- Opening Delimiter -
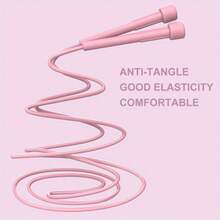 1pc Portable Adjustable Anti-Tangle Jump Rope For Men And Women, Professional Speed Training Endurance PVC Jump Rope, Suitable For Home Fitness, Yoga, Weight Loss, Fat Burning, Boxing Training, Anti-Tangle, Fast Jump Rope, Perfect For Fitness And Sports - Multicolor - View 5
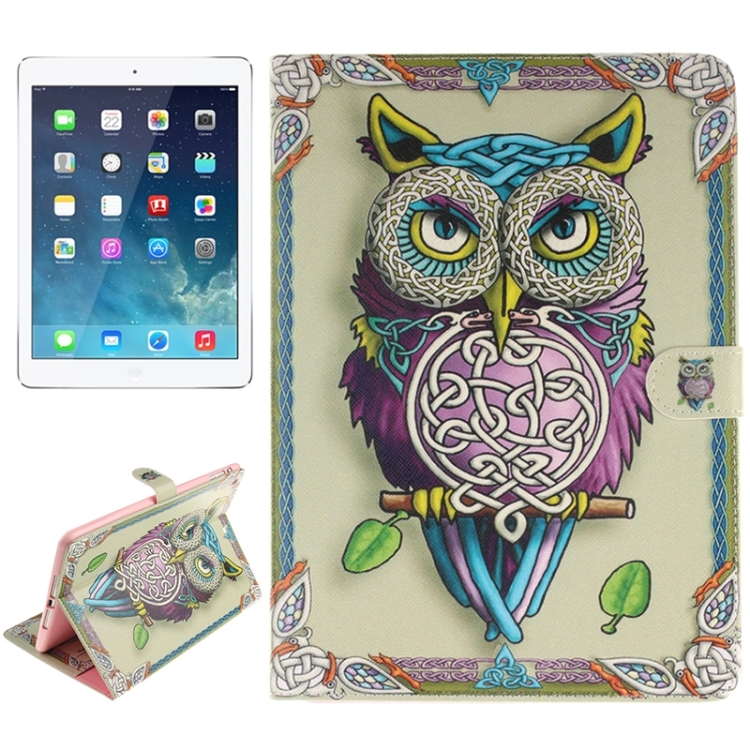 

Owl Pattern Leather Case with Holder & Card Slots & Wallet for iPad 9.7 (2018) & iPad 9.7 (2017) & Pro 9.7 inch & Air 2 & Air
- Closing Delimiter -
- Opening Delimiter -
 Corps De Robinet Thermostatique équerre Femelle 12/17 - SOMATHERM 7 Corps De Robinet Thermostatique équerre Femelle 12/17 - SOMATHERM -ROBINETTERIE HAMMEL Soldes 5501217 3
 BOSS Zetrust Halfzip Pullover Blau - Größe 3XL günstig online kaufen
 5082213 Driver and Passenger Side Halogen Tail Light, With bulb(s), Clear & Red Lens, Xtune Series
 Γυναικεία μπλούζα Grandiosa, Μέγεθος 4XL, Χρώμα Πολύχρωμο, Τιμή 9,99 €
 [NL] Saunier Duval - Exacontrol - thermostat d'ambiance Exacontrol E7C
- Closing Delimiter -
- Opening Delimiter -
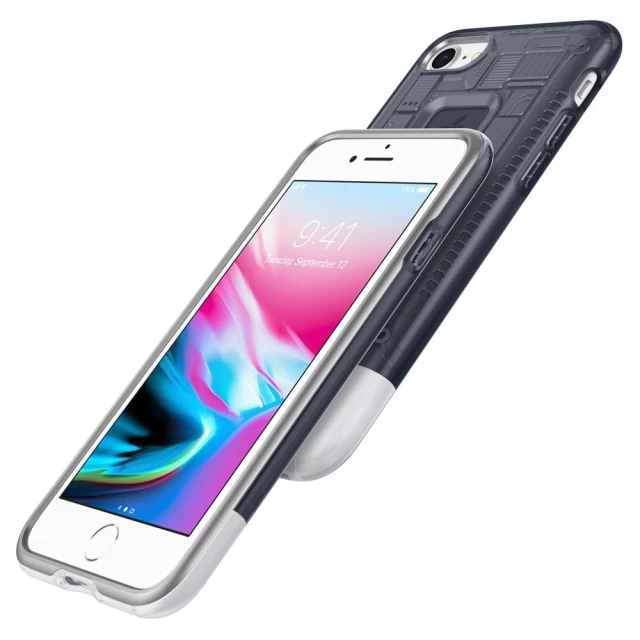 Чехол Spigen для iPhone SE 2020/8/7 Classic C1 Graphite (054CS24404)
- Closing Delimiter -
What needs to be done: Above are records with pictures. Reproduce exactly only the lines from the line with "1pc Portable Adjustable" through the line with "Owl Pattern Leather", both ends included, and leave the pictures out.

Finished task:
 1pc Portable Adjustable Anti-Tangle Jump Rope For Men And Women, Professional Speed Training Endurance PVC Jump Rope, Suitable For Home Fitness, Yoga, Weight Loss, Fat Burning, Boxing Training, Anti-Tangle, Fast Jump Rope, Perfect For Fitness And Sports - Multicolor - View 5

Owl Pattern Leather Case with Holder & Card Slots & Wallet for iPad 9.7 (2018) & iPad 9.7 (2017) & Pro 9.7 inch & Air 2 & Air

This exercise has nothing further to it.